Russ Prize Recipient David Walt to speak at OHIO on March 28

The Ohio University community is invited to learn more about the groundbreaking work of David Walt, the 2023 Fritz J. and Dolores H. Russ Prize Recipient, during a presentation on March 28.

The event will begin at 4:35 p.m. in the Baker University Center Theater and will be followed by a reception at 5:30 p.m. 

Walt will be discussing “Discovery, Scale and Impact” in the presentation. Translating discoveries from an academic lab bedside is rewarding but challenging. In this talk, Walt will describe how the discovery of microwell arrays led to both commercial success and clinical impact.

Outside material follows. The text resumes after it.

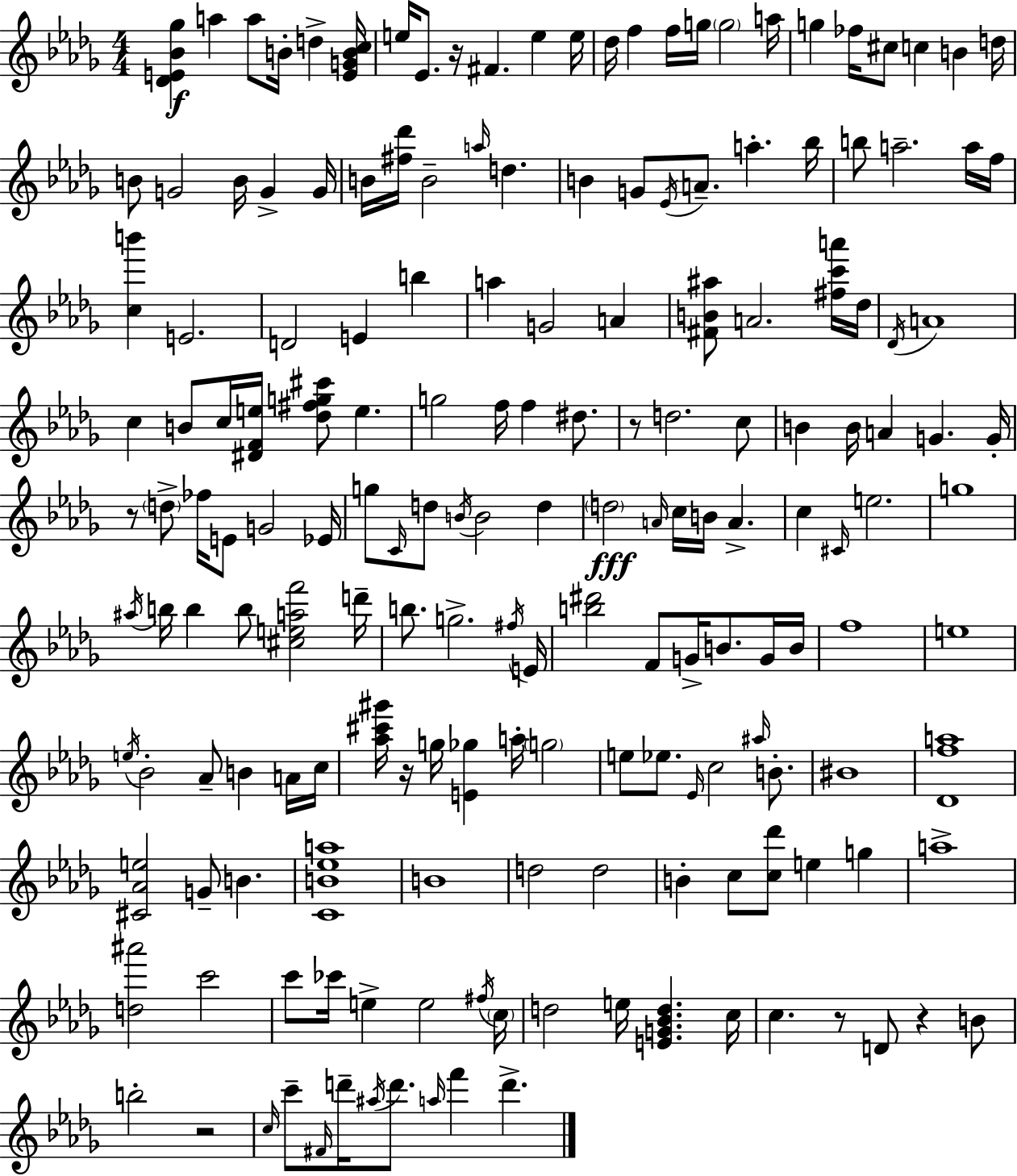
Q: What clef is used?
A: treble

The presentation will cover how the microwell arrays were discovered and how they led to applications in both genomics and proteomics. Walt will also discuss how the technologies were scaled, such that they could be used by many labs, and how these technologies led to important clinical applications.

Ohio University and the National Academy of Engineering (NAE) announced Walt as the recipient of the Fritz J. and Dolores H. Russ Prize in 2023. Walt was honored for the development of microwell arrays that greatly advanced the fields of genomics and proteomics.

Awarded biennially, the Russ Prize recognizes an outstanding bioengineering achievement in widespread use that improves the human condition.

About David Walt

Walt is the Hansjörg Wyss Professor of Bioinspired Engineering at Harvard Medical School, professor of pathology at Brigham and Women’s Hospital and Harvard Medical School, Core Faculty Member of the Wyss Institute at Harvard University, associate member at the Broad Institute, a Howard Hughes Medical Institute Professor, and codirector of the Mass General Brigham Center for COVID Innovation. He is the scientific founder of Illumina Inc. and Quanterix Corp., and has cofounded multiple other life sciences startups including Ultivue, Inc., Arbor Biotechnologies, Sherlock Biosciences, Vizgen, Inc., and Torus Biosciences.

His numerous national and international awards and honors for his fundamental and applied work in the field of optical microwell arrays and single molecules include the 2021 Kabiller Prize in Nanoscience and Nanomedicine (2021), American Chemical Society Kathryn C. Hach Award for Entrepreneurial Success (2017), Ralph Adams Award in Bioanalytical Chemistry (2016), ACS Gustavus John Esselen Award (2014), Analytical Chemistry Spectrochemical Analysis Award (2013), Pittsburgh Analytical Chemistry Award (2013), and ACS National Award for Creative Invention (2010).

He is a member of the US National Academy of Engineering and US National Academy of Medicine; a fellow of the American Academy of Arts and Sciences, American Institute for Medical and Biological Engineering, American Association for the Advancement of Science, and National Academy of Inventors; and was inducted in the US National Inventors Hall of Fame.

He received his BS in chemistry from the University of Michigan and his PhD in chemical biology from the State University of New York at Stony Brook.